***** Data to process

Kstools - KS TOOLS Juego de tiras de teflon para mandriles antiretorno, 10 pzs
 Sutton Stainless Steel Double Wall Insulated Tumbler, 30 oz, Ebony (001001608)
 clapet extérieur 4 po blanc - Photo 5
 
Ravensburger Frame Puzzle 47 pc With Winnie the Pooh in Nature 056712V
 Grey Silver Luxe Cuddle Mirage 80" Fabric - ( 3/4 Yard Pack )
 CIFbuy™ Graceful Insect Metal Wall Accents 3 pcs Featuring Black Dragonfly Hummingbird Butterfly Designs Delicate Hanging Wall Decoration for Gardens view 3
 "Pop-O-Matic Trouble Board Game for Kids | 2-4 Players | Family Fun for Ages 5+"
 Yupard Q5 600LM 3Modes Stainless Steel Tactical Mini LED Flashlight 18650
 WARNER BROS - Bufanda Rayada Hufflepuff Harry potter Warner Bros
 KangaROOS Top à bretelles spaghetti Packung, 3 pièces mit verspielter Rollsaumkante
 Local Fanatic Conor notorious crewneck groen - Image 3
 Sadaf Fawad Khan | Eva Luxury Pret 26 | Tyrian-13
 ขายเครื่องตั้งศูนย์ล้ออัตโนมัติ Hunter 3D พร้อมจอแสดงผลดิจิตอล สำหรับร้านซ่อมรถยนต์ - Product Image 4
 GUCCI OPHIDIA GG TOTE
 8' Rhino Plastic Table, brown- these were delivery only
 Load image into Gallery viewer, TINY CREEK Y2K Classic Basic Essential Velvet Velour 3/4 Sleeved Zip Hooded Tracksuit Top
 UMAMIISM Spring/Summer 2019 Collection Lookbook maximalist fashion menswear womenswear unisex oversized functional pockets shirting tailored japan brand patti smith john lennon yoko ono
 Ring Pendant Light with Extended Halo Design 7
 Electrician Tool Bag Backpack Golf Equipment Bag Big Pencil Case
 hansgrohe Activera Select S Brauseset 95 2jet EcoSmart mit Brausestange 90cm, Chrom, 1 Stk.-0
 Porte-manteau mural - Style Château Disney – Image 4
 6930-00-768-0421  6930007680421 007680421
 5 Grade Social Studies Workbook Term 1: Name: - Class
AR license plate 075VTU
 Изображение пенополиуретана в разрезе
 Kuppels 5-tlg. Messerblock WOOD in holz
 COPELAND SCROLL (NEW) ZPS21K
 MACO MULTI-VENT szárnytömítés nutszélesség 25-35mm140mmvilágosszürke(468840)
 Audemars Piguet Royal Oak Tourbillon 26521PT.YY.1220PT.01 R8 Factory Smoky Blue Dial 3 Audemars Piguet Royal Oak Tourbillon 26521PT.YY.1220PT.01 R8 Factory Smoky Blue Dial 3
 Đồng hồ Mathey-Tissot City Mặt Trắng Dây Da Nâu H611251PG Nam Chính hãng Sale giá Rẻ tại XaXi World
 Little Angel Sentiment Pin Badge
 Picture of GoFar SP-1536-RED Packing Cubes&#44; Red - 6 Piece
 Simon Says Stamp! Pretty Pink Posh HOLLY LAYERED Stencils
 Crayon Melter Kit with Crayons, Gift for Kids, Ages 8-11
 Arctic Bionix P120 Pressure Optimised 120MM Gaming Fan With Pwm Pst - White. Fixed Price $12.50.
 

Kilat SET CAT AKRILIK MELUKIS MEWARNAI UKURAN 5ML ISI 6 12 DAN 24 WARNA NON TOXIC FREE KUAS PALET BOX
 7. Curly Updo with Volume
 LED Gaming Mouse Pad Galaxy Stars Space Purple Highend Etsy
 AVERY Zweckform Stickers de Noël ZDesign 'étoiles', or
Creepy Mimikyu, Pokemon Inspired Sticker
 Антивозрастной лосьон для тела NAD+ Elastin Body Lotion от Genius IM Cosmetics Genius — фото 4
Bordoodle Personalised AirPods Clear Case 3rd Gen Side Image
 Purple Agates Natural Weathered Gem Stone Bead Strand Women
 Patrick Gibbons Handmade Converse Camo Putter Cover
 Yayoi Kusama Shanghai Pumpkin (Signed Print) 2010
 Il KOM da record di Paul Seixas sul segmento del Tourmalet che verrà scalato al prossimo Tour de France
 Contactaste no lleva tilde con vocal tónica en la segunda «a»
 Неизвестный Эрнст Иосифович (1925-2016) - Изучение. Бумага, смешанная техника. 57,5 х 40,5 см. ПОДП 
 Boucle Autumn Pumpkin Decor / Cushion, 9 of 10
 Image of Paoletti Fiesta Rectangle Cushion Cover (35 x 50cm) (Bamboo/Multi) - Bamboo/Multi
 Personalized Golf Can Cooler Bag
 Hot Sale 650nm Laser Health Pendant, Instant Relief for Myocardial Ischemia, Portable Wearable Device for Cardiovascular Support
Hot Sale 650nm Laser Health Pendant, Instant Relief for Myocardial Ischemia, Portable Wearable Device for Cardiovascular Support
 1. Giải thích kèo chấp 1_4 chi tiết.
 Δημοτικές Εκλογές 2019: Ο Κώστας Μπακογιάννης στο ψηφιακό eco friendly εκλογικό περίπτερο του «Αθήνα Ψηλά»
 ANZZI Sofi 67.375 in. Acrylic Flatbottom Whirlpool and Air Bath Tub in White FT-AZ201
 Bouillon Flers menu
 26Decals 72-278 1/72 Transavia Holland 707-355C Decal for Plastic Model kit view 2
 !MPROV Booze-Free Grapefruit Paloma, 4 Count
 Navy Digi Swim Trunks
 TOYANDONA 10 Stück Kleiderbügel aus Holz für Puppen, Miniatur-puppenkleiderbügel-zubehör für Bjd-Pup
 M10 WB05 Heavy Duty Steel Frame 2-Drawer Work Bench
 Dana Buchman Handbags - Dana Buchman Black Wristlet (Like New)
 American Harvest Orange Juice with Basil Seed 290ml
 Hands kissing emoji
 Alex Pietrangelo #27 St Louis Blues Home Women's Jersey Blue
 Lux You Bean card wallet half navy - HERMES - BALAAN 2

**********

■ **Task item**
Copy out the data exactly as it stands, leaving nothing out.

■ **Expected answer**
Kstools - KS TOOLS Juego de tiras de teflon para mandriles antiretorno, 10 pzs
 Sutton Stainless Steel Double Wall Insulated Tumbler, 30 oz, Ebony (001001608)
 clapet extérieur 4 po blanc - Photo 5
 
Ravensburger Frame Puzzle 47 pc With Winnie the Pooh in Nature 056712V
 Grey Silver Luxe Cuddle Mirage 80" Fabric - ( 3/4 Yard Pack )
 CIFbuy™ Graceful Insect Metal Wall Accents 3 pcs Featuring Black Dragonfly Hummingbird Butterfly Designs Delicate Hanging Wall Decoration for Gardens view 3
 "Pop-O-Matic Trouble Board Game for Kids | 2-4 Players | Family Fun for Ages 5+"
 Yupard Q5 600LM 3Modes Stainless Steel Tactical Mini LED Flashlight 18650
 WARNER BROS - Bufanda Rayada Hufflepuff Harry potter Warner Bros
 KangaROOS Top à bretelles spaghetti Packung, 3 pièces mit verspielter Rollsaumkante
 Local Fanatic Conor notorious crewneck groen - Image 3
 Sadaf Fawad Khan | Eva Luxury Pret 26 | Tyrian-13
 ขายเครื่องตั้งศูนย์ล้ออัตโนมัติ Hunter 3D พร้อมจอแสดงผลดิจิตอล สำหรับร้านซ่อมรถยนต์ - Product Image 4
 GUCCI OPHIDIA GG TOTE
 8' Rhino Plastic Table, brown- these were delivery only
 Load image into Gallery viewer, TINY CREEK Y2K Classic Basic Essential Velvet Velour 3/4 Sleeved Zip Hooded Tracksuit Top
 UMAMIISM Spring/Summer 2019 Collection Lookbook maximalist fashion menswear womenswear unisex oversized functional pockets shirting tailored japan brand patti smith john lennon yoko ono
 Ring Pendant Light with Extended Halo Design 7
 Electrician Tool Bag Backpack Golf Equipment Bag Big Pencil Case
 hansgrohe Activera Select S Brauseset 95 2jet EcoSmart mit Brausestange 90cm, Chrom, 1 Stk.-0
 Porte-manteau mural - Style Château Disney – Image 4
 6930-00-768-0421  6930007680421 007680421
 5 Grade Social Studies Workbook Term 1: Name: - Class
AR license plate 075VTU
 Изображение пенополиуретана в разрезе
 Kuppels 5-tlg. Messerblock WOOD in holz
 COPELAND SCROLL (NEW) ZPS21K
 MACO MULTI-VENT szárnytömítés nutszélesség 25-35mm140mmvilágosszürke(468840)
 Audemars Piguet Royal Oak Tourbillon 26521PT.YY.1220PT.01 R8 Factory Smoky Blue Dial 3 Audemars Piguet Royal Oak Tourbillon 26521PT.YY.1220PT.01 R8 Factory Smoky Blue Dial 3
 Đồng hồ Mathey-Tissot City Mặt Trắng Dây Da Nâu H611251PG Nam Chính hãng Sale giá Rẻ tại XaXi World
 Little Angel Sentiment Pin Badge
 Picture of GoFar SP-1536-RED Packing Cubes&#44; Red - 6 Piece
 Simon Says Stamp! Pretty Pink Posh HOLLY LAYERED Stencils
 Crayon Melter Kit with Crayons, Gift for Kids, Ages 8-11
 Arctic Bionix P120 Pressure Optimised 120MM Gaming Fan With Pwm Pst - White. Fixed Price $12.50.
 

Kilat SET CAT AKRILIK MELUKIS MEWARNAI UKURAN 5ML ISI 6 12 DAN 24 WARNA NON TOXIC FREE KUAS PALET BOX
 7. Curly Updo with Volume
 LED Gaming Mouse Pad Galaxy Stars Space Purple Highend Etsy
 AVERY Zweckform Stickers de Noël ZDesign 'étoiles', or
Creepy Mimikyu, Pokemon Inspired Sticker
 Антивозрастной лосьон для тела NAD+ Elastin Body Lotion от Genius IM Cosmetics Genius — фото 4
Bordoodle Personalised AirPods Clear Case 3rd Gen Side Image
 Purple Agates Natural Weathered Gem Stone Bead Strand Women
 Patrick Gibbons Handmade Converse Camo Putter Cover
 Yayoi Kusama Shanghai Pumpkin (Signed Print) 2010
 Il KOM da record di Paul Seixas sul segmento del Tourmalet che verrà scalato al prossimo Tour de France
 Contactaste no lleva tilde con vocal tónica en la segunda «a»
 Неизвестный Эрнст Иосифович (1925-2016) - Изучение. Бумага, смешанная техника. 57,5 х 40,5 см. ПОДП 
 Boucle Autumn Pumpkin Decor / Cushion, 9 of 10
 Image of Paoletti Fiesta Rectangle Cushion Cover (35 x 50cm) (Bamboo/Multi) - Bamboo/Multi
 Personalized Golf Can Cooler Bag
 Hot Sale 650nm Laser Health Pendant, Instant Relief for Myocardial Ischemia, Portable Wearable Device for Cardiovascular Support
Hot Sale 650nm Laser Health Pendant, Instant Relief for Myocardial Ischemia, Portable Wearable Device for Cardiovascular Support
 1. Giải thích kèo chấp 1_4 chi tiết.
 Δημοτικές Εκλογές 2019: Ο Κώστας Μπακογιάννης στο ψηφιακό eco friendly εκλογικό περίπτερο του «Αθήνα Ψηλά»
 ANZZI Sofi 67.375 in. Acrylic Flatbottom Whirlpool and Air Bath Tub in White FT-AZ201
 Bouillon Flers menu
 26Decals 72-278 1/72 Transavia Holland 707-355C Decal for Plastic Model kit view 2
 !MPROV Booze-Free Grapefruit Paloma, 4 Count
 Navy Digi Swim Trunks
 TOYANDONA 10 Stück Kleiderbügel aus Holz für Puppen, Miniatur-puppenkleiderbügel-zubehör für Bjd-Pup
 M10 WB05 Heavy Duty Steel Frame 2-Drawer Work Bench
 Dana Buchman Handbags - Dana Buchman Black Wristlet (Like New)
 American Harvest Orange Juice with Basil Seed 290ml
 Hands kissing emoji
 Alex Pietrangelo #27 St Louis Blues Home Women's Jersey Blue
 Lux You Bean card wallet half navy - HERMES - BALAAN 2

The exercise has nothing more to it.